§ Task instructions
For the records that follow, please set down exactly the lines between the one holding "después de lesión" and the one holding "Μήπως το μωρό έχει αλλεργία; | imommy.gr", inclusive, and only those.
(Beginning of Task material)
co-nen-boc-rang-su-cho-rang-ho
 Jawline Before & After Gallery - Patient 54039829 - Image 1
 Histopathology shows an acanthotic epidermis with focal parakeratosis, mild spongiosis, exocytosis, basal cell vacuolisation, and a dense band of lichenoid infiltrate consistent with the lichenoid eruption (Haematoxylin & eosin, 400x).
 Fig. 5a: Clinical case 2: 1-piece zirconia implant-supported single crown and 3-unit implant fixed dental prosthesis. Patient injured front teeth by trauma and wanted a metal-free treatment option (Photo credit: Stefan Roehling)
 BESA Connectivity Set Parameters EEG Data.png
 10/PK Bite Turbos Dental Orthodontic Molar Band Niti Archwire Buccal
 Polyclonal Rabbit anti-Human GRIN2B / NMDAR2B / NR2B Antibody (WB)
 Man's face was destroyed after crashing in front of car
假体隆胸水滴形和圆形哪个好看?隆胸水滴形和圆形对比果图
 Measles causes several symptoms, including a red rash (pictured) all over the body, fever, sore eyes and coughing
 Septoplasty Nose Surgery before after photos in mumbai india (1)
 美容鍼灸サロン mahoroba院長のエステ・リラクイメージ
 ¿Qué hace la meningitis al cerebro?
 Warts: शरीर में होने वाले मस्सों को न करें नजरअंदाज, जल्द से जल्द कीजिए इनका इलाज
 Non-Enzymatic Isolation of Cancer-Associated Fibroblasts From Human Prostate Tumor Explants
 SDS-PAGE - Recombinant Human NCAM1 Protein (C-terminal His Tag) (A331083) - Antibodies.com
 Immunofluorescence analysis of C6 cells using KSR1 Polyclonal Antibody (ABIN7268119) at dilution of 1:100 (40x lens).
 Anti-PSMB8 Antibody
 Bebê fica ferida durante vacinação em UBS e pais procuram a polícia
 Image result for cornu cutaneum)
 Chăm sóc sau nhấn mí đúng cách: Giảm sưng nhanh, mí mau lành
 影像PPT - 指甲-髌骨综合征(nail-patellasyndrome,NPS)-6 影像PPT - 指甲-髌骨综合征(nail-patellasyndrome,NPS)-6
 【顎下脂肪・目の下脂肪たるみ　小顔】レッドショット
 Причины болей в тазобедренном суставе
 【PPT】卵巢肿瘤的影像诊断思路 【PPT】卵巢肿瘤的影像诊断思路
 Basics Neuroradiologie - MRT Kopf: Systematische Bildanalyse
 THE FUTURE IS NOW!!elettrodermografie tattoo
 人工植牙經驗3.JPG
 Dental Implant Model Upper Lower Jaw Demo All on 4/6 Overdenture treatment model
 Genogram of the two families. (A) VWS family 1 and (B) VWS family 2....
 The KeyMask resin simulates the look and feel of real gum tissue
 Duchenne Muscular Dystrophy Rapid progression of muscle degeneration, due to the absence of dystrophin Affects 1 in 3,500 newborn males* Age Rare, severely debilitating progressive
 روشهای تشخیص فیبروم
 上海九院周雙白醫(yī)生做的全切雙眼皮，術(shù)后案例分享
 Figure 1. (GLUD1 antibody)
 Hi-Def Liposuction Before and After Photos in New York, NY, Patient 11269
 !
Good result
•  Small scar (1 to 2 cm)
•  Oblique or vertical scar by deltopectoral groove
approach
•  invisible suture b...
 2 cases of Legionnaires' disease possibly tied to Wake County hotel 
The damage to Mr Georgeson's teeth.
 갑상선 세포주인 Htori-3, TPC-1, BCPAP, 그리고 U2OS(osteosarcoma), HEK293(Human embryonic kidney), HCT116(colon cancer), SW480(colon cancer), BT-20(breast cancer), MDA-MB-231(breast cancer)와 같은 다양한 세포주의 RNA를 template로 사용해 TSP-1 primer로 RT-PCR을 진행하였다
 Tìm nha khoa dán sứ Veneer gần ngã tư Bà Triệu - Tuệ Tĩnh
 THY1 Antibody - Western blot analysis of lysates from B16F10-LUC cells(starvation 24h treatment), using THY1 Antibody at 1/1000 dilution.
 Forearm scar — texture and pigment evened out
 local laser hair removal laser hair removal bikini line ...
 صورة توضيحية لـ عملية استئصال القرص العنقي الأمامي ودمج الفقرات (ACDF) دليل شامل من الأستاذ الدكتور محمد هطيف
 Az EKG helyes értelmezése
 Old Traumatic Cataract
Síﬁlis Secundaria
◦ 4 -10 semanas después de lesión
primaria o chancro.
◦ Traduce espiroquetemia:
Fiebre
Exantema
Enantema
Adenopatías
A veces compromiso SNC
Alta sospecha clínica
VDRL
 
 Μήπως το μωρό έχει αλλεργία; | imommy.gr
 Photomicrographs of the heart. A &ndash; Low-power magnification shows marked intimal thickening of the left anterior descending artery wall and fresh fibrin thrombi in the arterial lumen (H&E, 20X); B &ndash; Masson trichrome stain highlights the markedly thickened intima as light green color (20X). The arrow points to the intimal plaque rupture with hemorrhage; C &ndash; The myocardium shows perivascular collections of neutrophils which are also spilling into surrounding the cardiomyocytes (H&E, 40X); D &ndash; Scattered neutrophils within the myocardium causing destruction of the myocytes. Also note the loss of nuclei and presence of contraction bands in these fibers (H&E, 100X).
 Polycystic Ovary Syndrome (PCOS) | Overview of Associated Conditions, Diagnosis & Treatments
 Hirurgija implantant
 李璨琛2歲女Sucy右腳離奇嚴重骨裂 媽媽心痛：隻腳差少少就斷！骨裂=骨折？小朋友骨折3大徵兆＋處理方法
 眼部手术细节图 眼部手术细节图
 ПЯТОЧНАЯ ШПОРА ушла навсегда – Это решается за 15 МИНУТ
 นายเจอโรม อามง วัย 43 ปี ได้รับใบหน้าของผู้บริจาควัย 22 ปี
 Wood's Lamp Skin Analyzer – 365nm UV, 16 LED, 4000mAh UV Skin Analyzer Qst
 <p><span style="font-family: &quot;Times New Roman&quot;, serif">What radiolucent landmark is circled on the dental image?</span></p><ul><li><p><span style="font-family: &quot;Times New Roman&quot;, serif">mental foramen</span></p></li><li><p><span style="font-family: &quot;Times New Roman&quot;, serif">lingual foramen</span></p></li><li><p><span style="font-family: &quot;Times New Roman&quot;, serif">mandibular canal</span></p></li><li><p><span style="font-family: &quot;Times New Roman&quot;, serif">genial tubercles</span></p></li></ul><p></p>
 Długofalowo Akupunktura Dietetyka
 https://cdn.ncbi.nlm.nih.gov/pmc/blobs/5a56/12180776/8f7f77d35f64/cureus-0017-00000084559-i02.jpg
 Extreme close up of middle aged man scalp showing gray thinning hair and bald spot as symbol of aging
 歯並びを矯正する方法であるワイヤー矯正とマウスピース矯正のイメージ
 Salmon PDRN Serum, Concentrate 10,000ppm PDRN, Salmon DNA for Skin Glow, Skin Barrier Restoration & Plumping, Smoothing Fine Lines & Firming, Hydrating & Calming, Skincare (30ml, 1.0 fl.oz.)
(End of Task material)
§ Expected output
◦ 4 -10 semanas después de lesión
primaria o chancro.
◦ Traduce espiroquetemia:
Fiebre
Exantema
Enantema
Adenopatías
A veces compromiso SNC
Alta sospecha clínica
VDRL
 
 Μήπως το μωρό έχει αλλεργία; | imommy.gr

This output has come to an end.